I think I am in withdrawal — no more two-, three-, four-plus-hour hikes through landscape that transforms and surprises with shift of wind and sunlight’s exposure. No more sandwiches and chocolate atop weathered, bald-capped mountains; nor the chitter and scold of red squirrels, otherwise silent as breath. The Canine Electron, I am certain, misses the adventure, as well.

But today — this moment, right here, right now — is lovely. A great depth of Autumn sky sprawls above our small, familiar patch of Earth. Together, we have put some miles beneath our eager feet.

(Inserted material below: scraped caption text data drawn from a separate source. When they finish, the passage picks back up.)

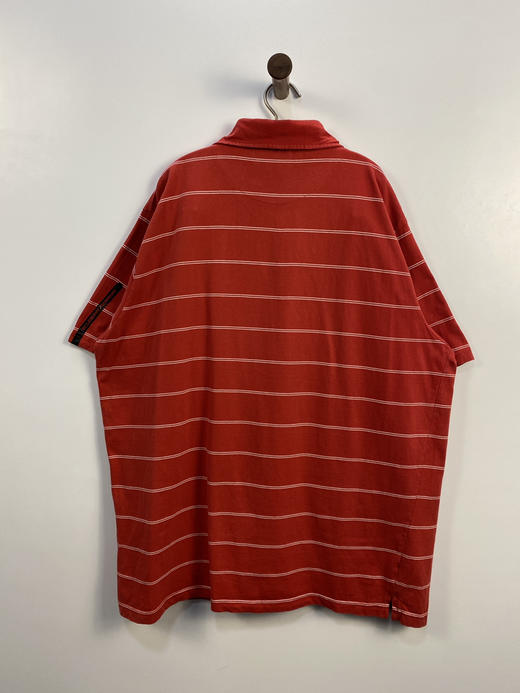 Y2K Vintage Ferrari 法拉利 短袖POLO衫 _SPL(M) 商品图4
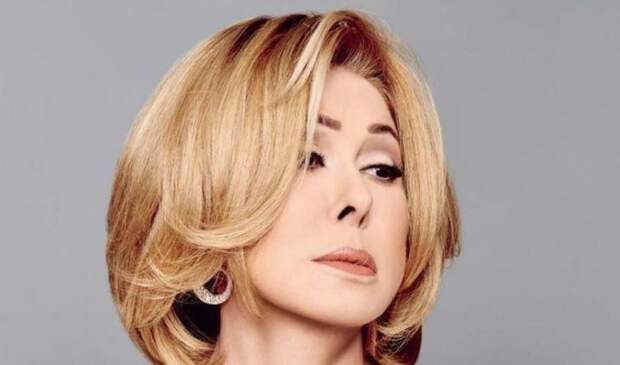 Успенская сообщила о смерти близких из-за коронавируса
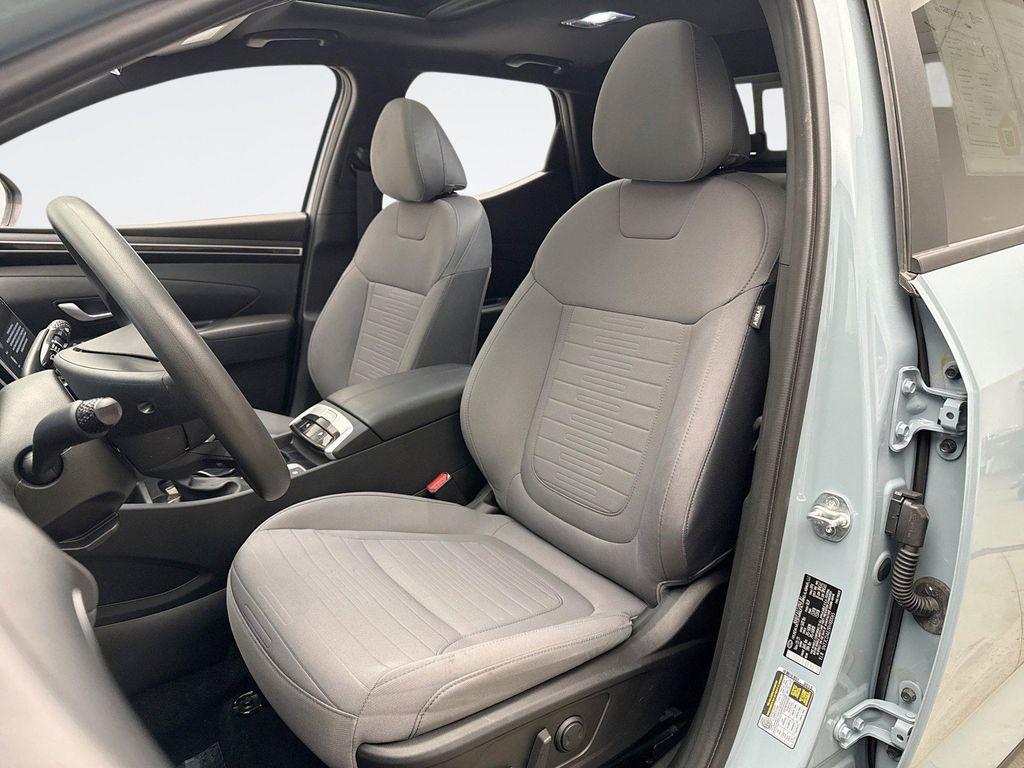 used 2024 Hyundai SANTA CRUZ car, priced at $26,899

Take a Deep Breath — A Dream

He said that he would follow, that he was right behind me. Now, I stand in the galleried section of a large interior space, while he remains below — I can see him, moving between rows of parked cars with that canvas backpack a peculiar khaki lump strapped against his spine. But he does not follow me, and never intended to — this is evident after the blast. So thunderously loud, it shakes the structure’s foundations, unhinges the roof above the parking lot so thoroughly it crashes down with a great whump on all beneath it — cars, trucks, him. All is compressed in an arch of sound, of flying debris, dust, ash.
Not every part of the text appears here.